US Treasury debt prices slipped on Friday after a key consumer sentiment report was not as weak as some dealers had suspected, triggering some profit-taking after Thursday's brisk rally.
With benchmark yields already at five-month lows, data needs to be especially weak to generate more buying interest.
"A cessation of the strong buying which allowed the market to enter such rarefied air was more the cause of the decline than any overt selling," said Ken Logan, managing analyst at IFR Markets.
The 10-year Treasury note fell 9/32 for a yield of 4.11 percent, up from 4.07 percent late Thursday and an early-Friday low of 4.05 percent.
Market players see the next resistance levels at 4.135 percent and then 4.20 percent; the 4.00 percent yield is expected to be tough to break on the downside.
In Friday's sole major report, the University of Michigan's index of consumer sentiment slipped to 95.8 in September from 95.9. The median forecast had been for an increase to 96.5 but dealers had leaned toward a softer number.
The index has been essentially unchanged for four months and has been between 90 and 97 points for 10 of the past 11.
"This relative stability has been remarkable given the ebbs and flows in job creation, the equity markets, the conflict in Iraq, the election campaign, interest rates and gasoline prices," said Steven Wood, economist at Insight Economics.
All eyes are now on Tuesday's Federal Open Market Committee monetary policy-setting meeting.
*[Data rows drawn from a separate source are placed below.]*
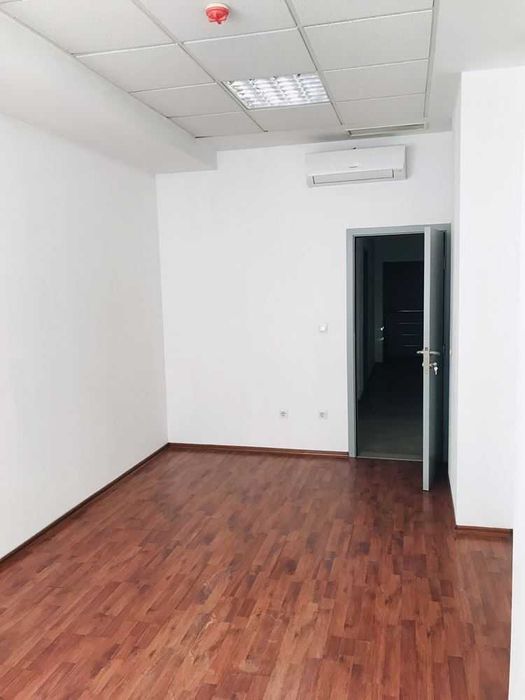 Дава се под наем Магазин в Пловдив, Център - 737 кв.м за 6942.12 € - Снимка #5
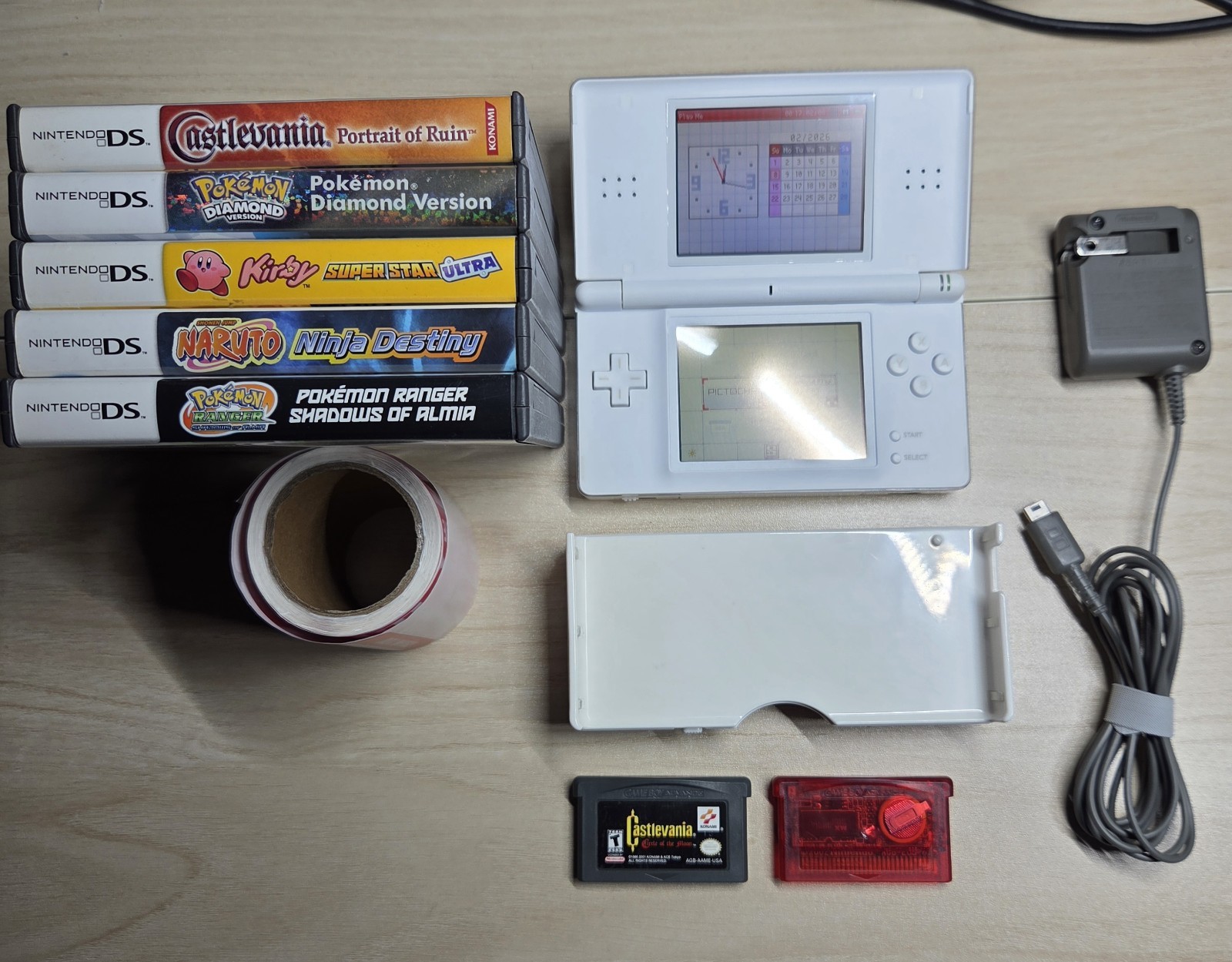 Nintendo DS Lite Console & Game Lot with Pokémon Castlevania and Kirby Tested VG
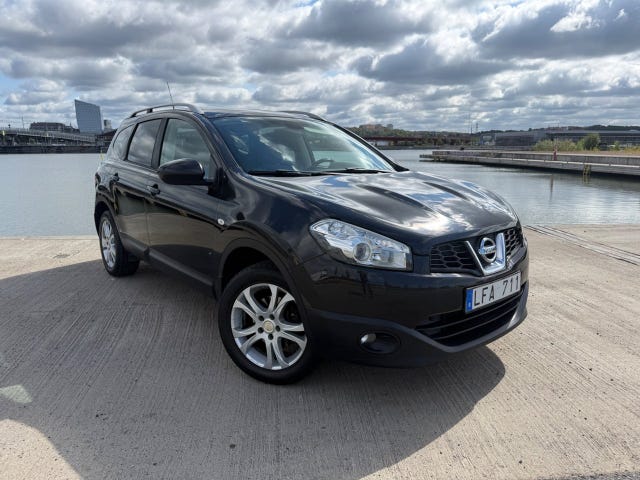 Nissan Qashqai+2 2010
Any shift in the Fed's post-meeting commentary from recent instalments could set the tone for fixed-income markets for several weeks, dealers said.
"The statement following the meeting will be carefully
scrutinised for any sign of future plans," said Richard Gilhooly, fixed-income market strategist at BNP Paribas.
Dealers are keen to see if the Fed refers to high energy prices in its statement, as it did in August.
Crude oil futures prices ended at a three-week high on Friday on worries about a succession of storms that could damage Gulf of Mexico production facilities.
The 30-year bond was down 12/32, yielding 4.91 percent, up from 4.88 percent.
Long bond yields are approaching major resistance half-way between 2003 lows and 2004 highs.
Five-year notes were down 7/32 to yield 3.33 percent vs. 3.27 percent, and two-year notes were down 3/32 at a yield of 2.48 percent.
Market expectations still call for the Fed to raise interest rates by a quarter percentage point at its meeting on Tuesday, although there has been growing speculation that the central bank may go slower on rate increase
from there.
"Expect the FOMC to promise a continuation of its 'measured pace,' which should set us up for one more 25 basis points increase before the end of the year," said Carl Tannenbaum, chief economist with LaSalle Bank.
Also on Friday, the Economic Cycle Research Institute's weekly index slipped to 131.7 from 132.5.
The index's annualised growth rate was steady at -0.2 percent.
"The continued weakness in a number of components of the index suggests that it's more than just high oil prices that are ailing the economy," said Lakshman Achuthan, managing director of ECRI.